Puncak “pengkhianatan” Habibie adalah pemberian opsi kemerdekaan kepada Timor Timur yang akhirnya berbuntut propinsi termuda itu jatuh ke tangan orang-orang non-Islam. Tidak saja dipermalukan di mata internasional karena integritas Indonesia sebagai sebuah bangsa besar telah tumbang, upaya-upaya Islamisasi yang telah susah payah diupayakan sebagian kalangan Islam di negeri mayoritas Katholik itu pun runtuh. Konon “pengkhianatan” Habibie ini hanya karena ia tergiur dengan iming-iming nominasi hadiah Nobel Perdamaian bila mau memberikan opsi kemerdekaan Timor Timur. Dan ternyata iming-iming itu hanyalah pepesan kosong belaka.
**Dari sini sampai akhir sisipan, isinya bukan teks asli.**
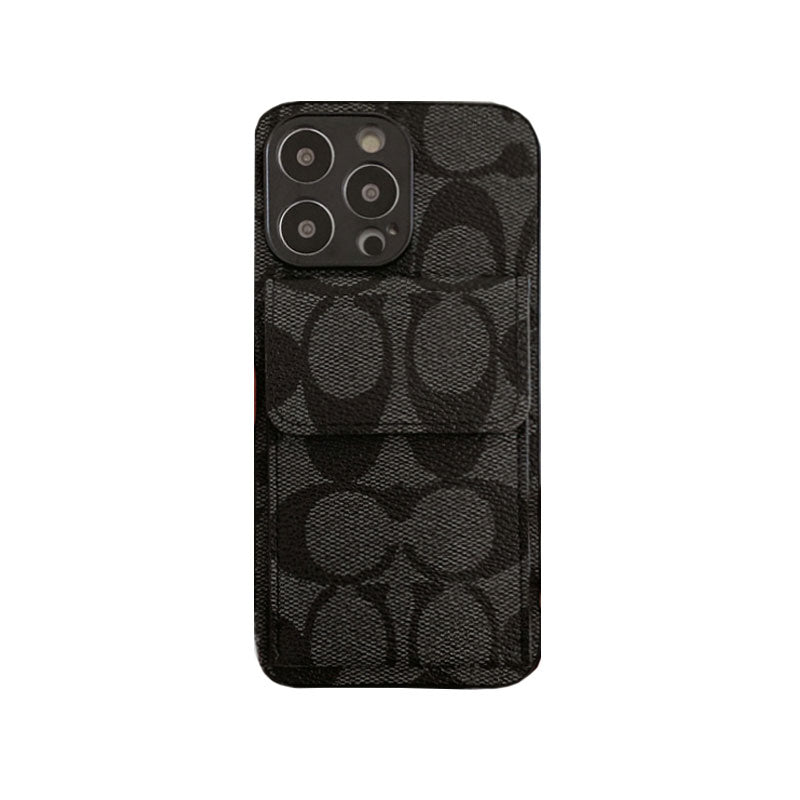 Klasický obal na iPhone s peněženkou tmavě hnědý-HP240513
Kini, setelah jatuh dari kursi kepresidenan pun Habibie lebih memilih tinggal di Jerman, negara basis kekuatan Yahudi kapitalis internasional, daripada negeri yang telah melahirkannya. Sama seperti Christianto Wibisono, George Aditjondro dan Arief Budiman yang lebih memilih tinggal di negeri patronnya, Amerika dan Australia sembari terus mengkampanyekan kemerdekaan Papua, setelah Timor Timur lepas dari pelukan ibu pertiwi. Sesekali Habibie datang ke Indonesia, menjenguk kebun duriannya, atau bersama The Habibie Center-nya, mengurusi flu burung dan menjadi pengamat sinetron TV.
Sekitar bulan September 2006 Habibie meluncurkan buku Detik-Detik yang Menentukan yang menghebohkan karena menceritakan kontroversi pencopotan Pangkostrad Letjend Prabowo Subiyanto paska pergantian kekuasaan Soeharto ke Habibie. Entah apa maksud Habibie dengan menuliskan buku itu. Selain membuka aib dan memancing perseteruan, tidak ada satupun nilai tambah yang dihasilkan dari buku itu. Faktanya adalah Prabowo adalah salah seorang pendukung kuat Habibie. Tanpa Prabowo dan kelompok ABRI Hijau-nya, karier politik Habibie hampir tidak akan lebih tinggi dari seorang menteri biasa.